AIM OF THE EXERCISE →
Line by line, repeat the material below exactly and leave the images out.

LISTED ENTRIES →

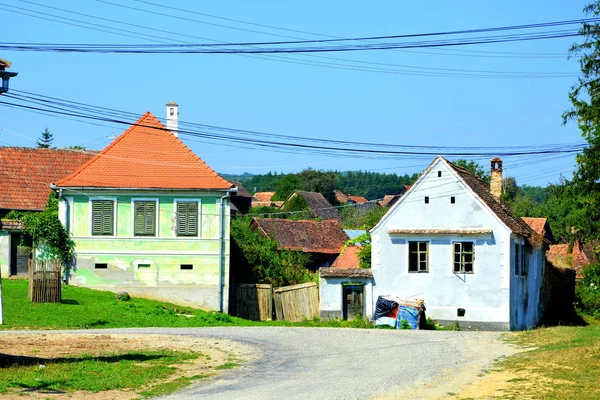 Paisagem Rural Típica Casas Camponeses Aldeia Somartin Martinsberg Mrtelsberg Transilvânia — Fotografia de Stock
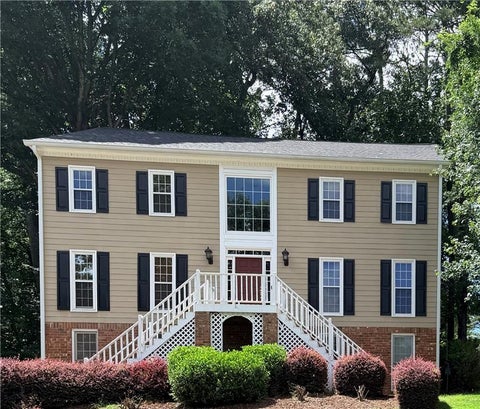 Homes For Sale - 336 Connemara Crossing<br/> Lawrenceville, GA 30044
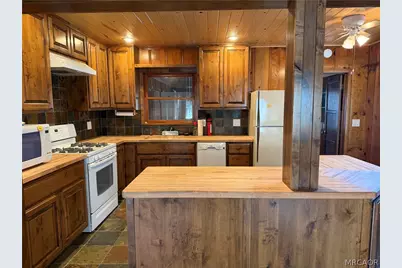 40226 Guinan Lane, Big Bear Lake, CA 92315 - Photo 12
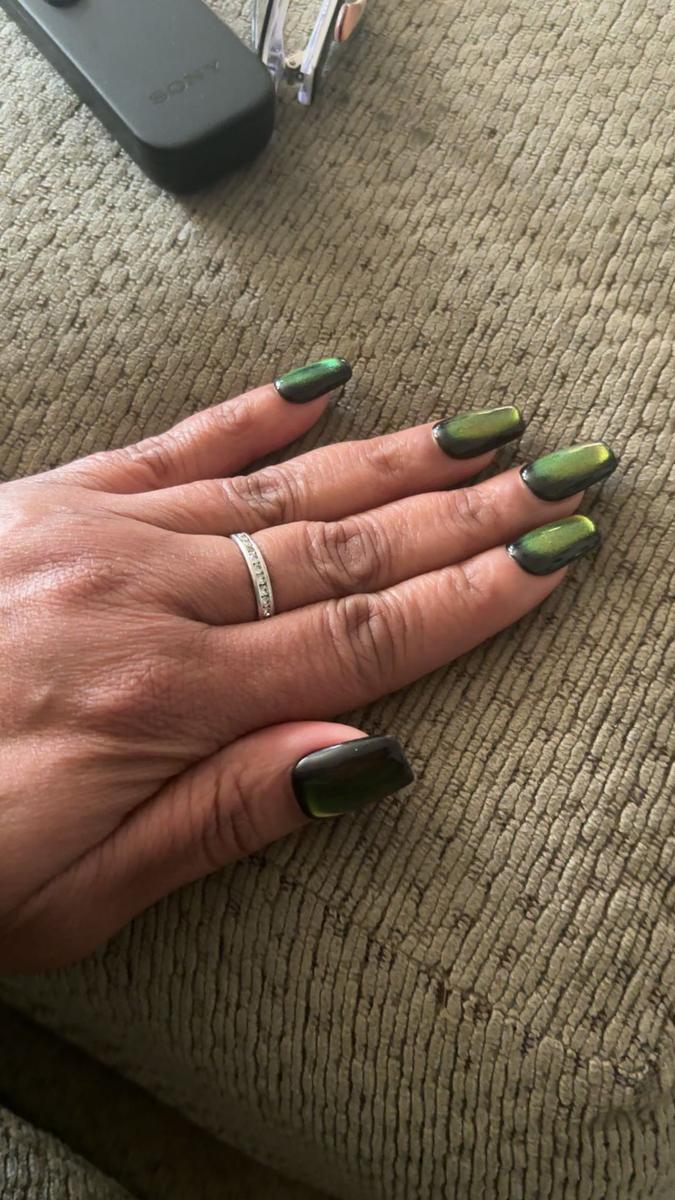 Item: M(short/medium), $25.99 9bags, host:Tessa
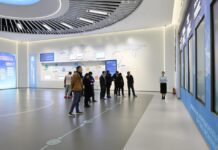 Mídia internacional visita zona de cooperação da OCS em Qingdao em busca de novos caminhos para o comércio regional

OUTPUT OF THE TASK →
 Paisagem Rural Típica Casas Camponeses Aldeia Somartin Martinsberg Mrtelsberg Transilvânia — Fotografia de Stock
 Homes For Sale - 336 Connemara Crossing<br/> Lawrenceville, GA 30044
 40226 Guinan Lane, Big Bear Lake, CA 92315 - Photo 12
 Item: M(short/medium), $25.99 9bags, host:Tessa
 Mídia internacional visita zona de cooperação da OCS em Qingdao em busca de novos caminhos para o comércio regional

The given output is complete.